Troubleshooting SSH


Troubleshooting SSH : Common issues and how to fix them


Secure Shell (SSH) is a network protocol that allows us to secure remote access to servers. A network protocol called Secure Shell (SSH) is used to connect and interact securely with distant servers or computers and creates a secure channel over an unsecured network. Users may securely access and run commands on remote machines thanks to SSH because it is widely used by Linux administrators and IT professionals, which offers a more security over the network. System administrators, developers, and other professionals who need to access remote systems frequently utilise SSH. But when using SSH, users frequently run into problems, from connection errors to failed authentication. In this article, we will talk about typical SSH problems and how to fix them. Despite its reliability and security SSH can encounter a few hitches that can make it challenging to use effectively. In this article we will take an in depth look at the most common issues people face while using SSH and how to troubleshoot them

Common Issues with SSH
    1. Connection Refused/Error

           Encountering SSH Connection Refused/Error is a frequent issue while utilizing SSH. This message usually appears when the client fails to establish a connection with the SSH server. Multiple factors can cause this error, such as incorrect server address, blocked ports, or firewall settings. To troubleshoot and fix SSH Connection Refused/Error, various measures can be taken. The initial step is to verify the SSH daemon status on the server device. You can execute this by running the subsequent command:

            For CentOS/RHEL:

					          sudo service ssh status          


         For Ubuntu:

					sudo systemctl status ssh


If the SSH service/daemon is not running, you can start it executing the following command:

       For CentOS/RHEL:

					sudo service ssh start


       For Ubuntu:

					sudo systemctl enable ssh


If the SSH daemon is running, the next step is to make sure that the server is listening on the correct port or not. The default port for SSH service is 22, but this can be changed in the SSH configuration file.

To check the port number, execute the following command:


					sudo netstat -tulpn | grep sshd



					sudo netstat -tulpn | grep sshd


Check the server’s firewall rules to allow incoming SSH connections:


					sudo firewall-cmd --list-services



					sudo ufw status


Below is example error message with complete path for SSH error logs:

					SSH Error: ssh: connect to host port 22: Connection refused


The SSH error logs can be found at /var/log/auth.log on Ubuntu, and /var/log/secure on RHEL/CentOS.

This command should be displaying the port number on which the SSH service/daemon is listening. If the port number is different from the default port 22, you need to specify the correct port number when connecting to the SSH server.

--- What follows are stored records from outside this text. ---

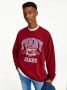 Tommy Jeans Heren Sweatshirt Bordeaux Print Ronde Hals Red Heren - Thumbnail 3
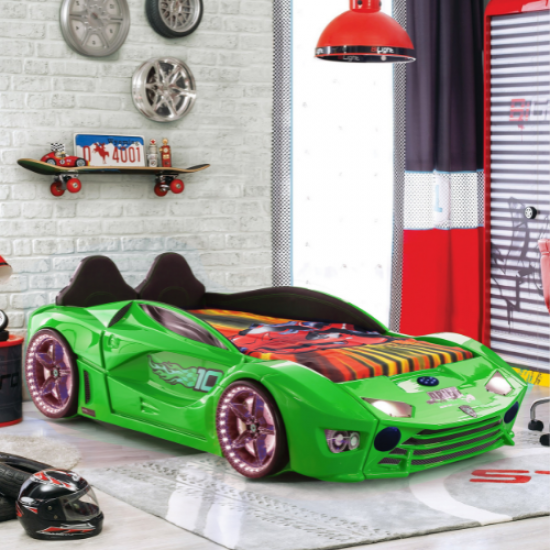 Luxury Kids Green Race Car Bed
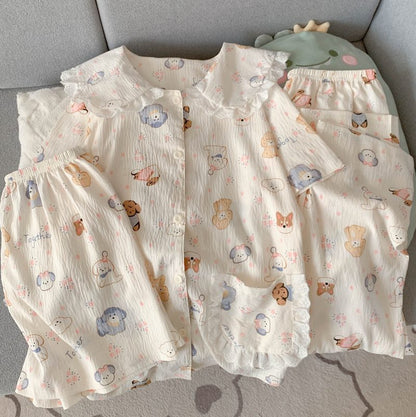 Crayon Shin-chan Pajama Set — Plus Size Lace Doll Collar Three-Piece Loungewear | Short Sleeve Top + Shorts + Long Pants Soft Cloud Cotton Sleepwear for Women & Men Spring Summer 2025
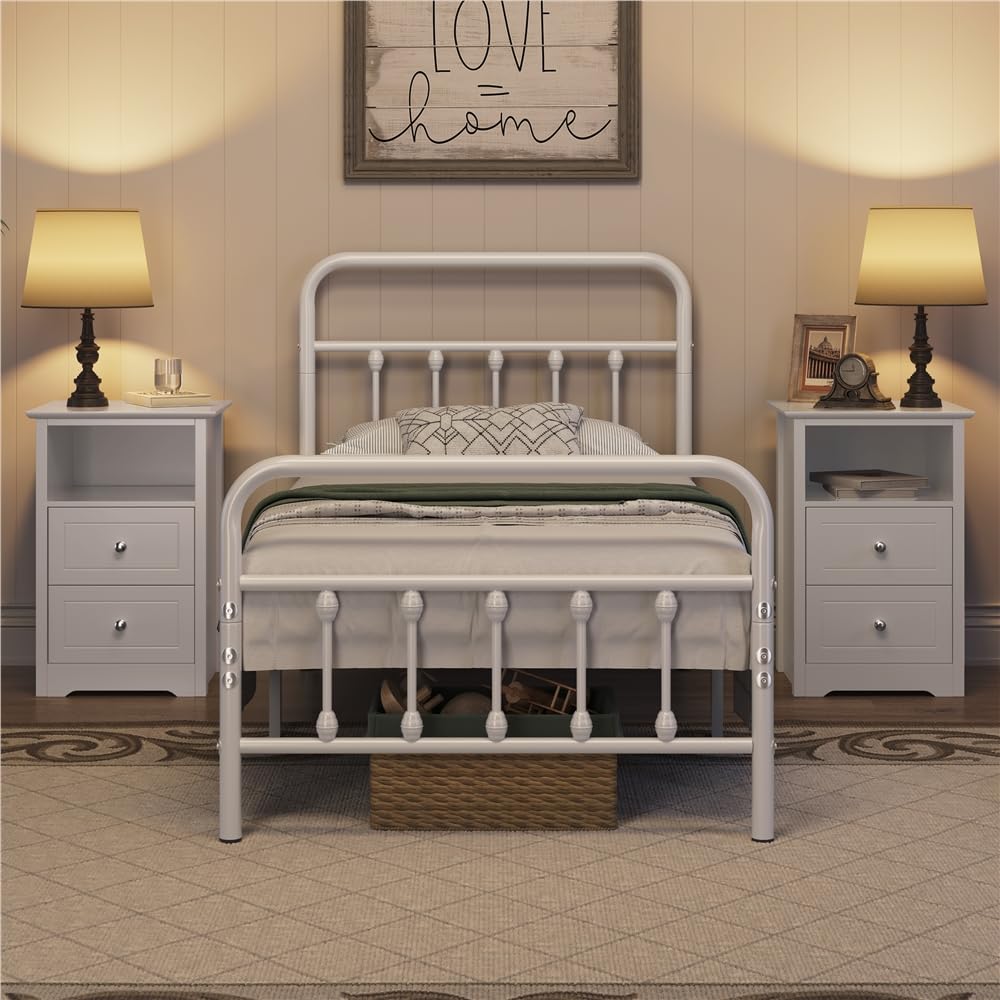Yaheetech Mesitas de Noche con 2 Cajones 40x35x60cm Mesillas de Noche Vintage para Dormitorio Mesita de Madera Lacada para Cama Blanco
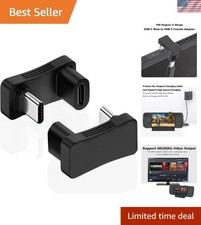180 Degree Angle USB C Adapter 2 Pack, Black  U Shape Type C Male to Female ...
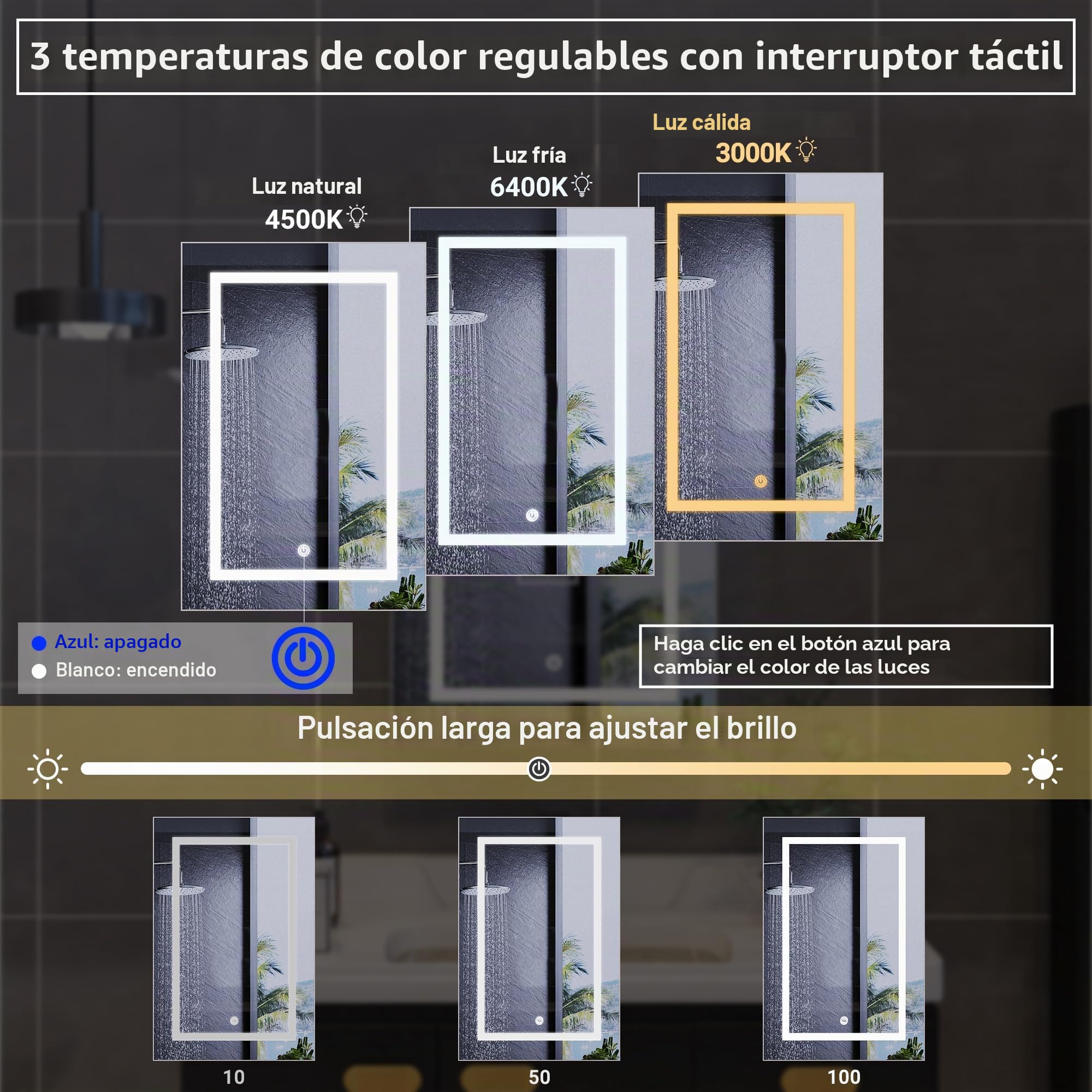 DADEA Armario de Baño con Espejo, Armario Espejo Baño con Luz y Almacenamiento, 50 x 70 cm, MuebleBaño con EspejoLED Mueble EspejoBaño 70 con ArmarioBaño con Espejo70 cm Muebles ParaBaño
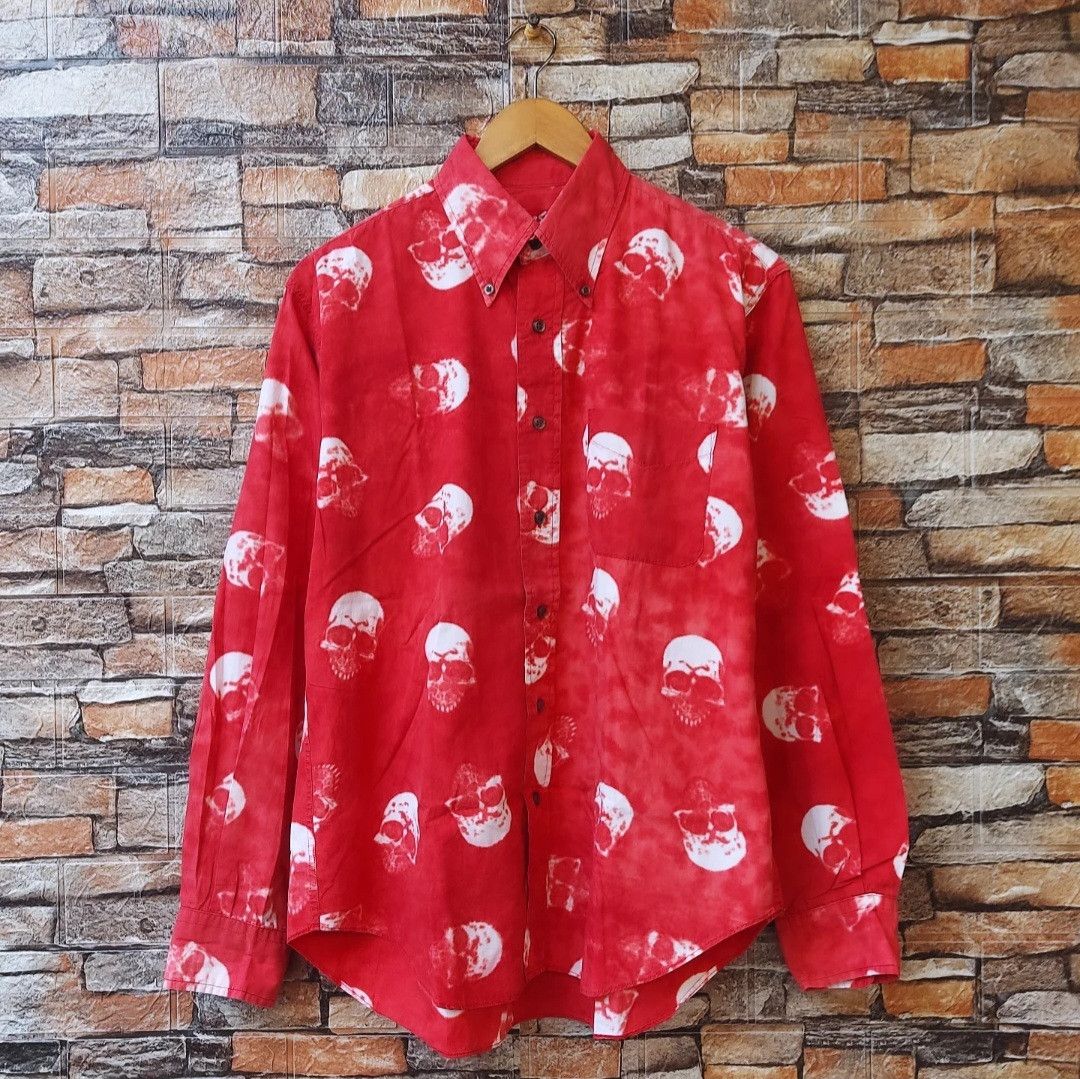 Vintage Slap Shot Allover Skull Long Sleeve Button Shirt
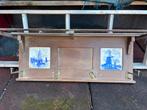 Vintage kapstok met Delfts blauwe tegels, Gebruikt, Minder dan 100 cm, Hout, Ophalen
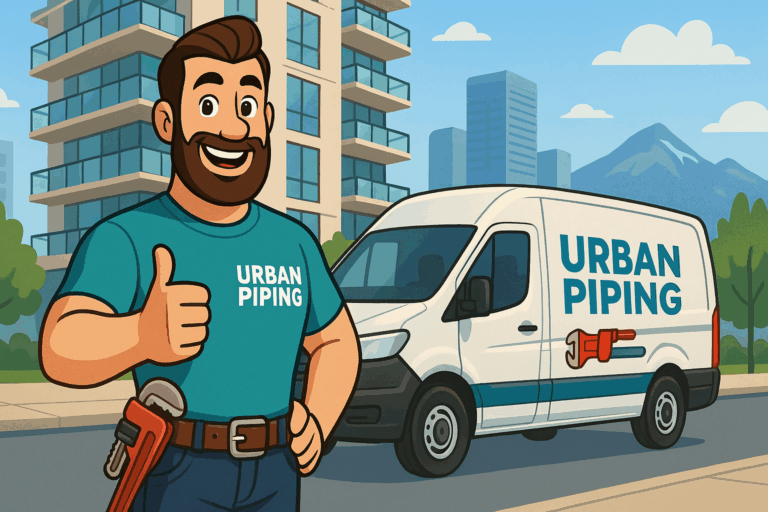 Vancouver Condo Poly B Repiping: Strata Process, Costs & Timeline 1 Smiling Urban Piping technician giving a thumbs up with a condo building and branded service van in Vancouver in the background, symbolizing poly b replacement services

There is another chance If the SSH daemon is running and listening on the correct port, the next step is to check the firewall settings on the server machine. The firewall might be blocking incoming SSH requests, which can cause the Connection Refused/Error message. To resolve this, you will need to add a rule to the firewall to allow incoming SSH connections on the correct port. When using SSH, it is common to encounter the issue of SSH Connection Refused/Error. To resolve this problem, it is recommended that you verify the status of the SSH service/daemon, the port number, and the firewall settings on the server machine. You can diagnose and resolve SSH Connection Refused/Error and establish a secure connection to your SSH server by following these steps.

2. Authentication Failures :

Another frequent problem while using SSH is failures in SSH authentication. When the user cannot be authenticated by the SSH server, this problem occurs. Numerous factors, such as incorrect login information, expired passwords, improper permissions on the user’s home directory, or other problems with SSH key authentication, can lead to authentication failures.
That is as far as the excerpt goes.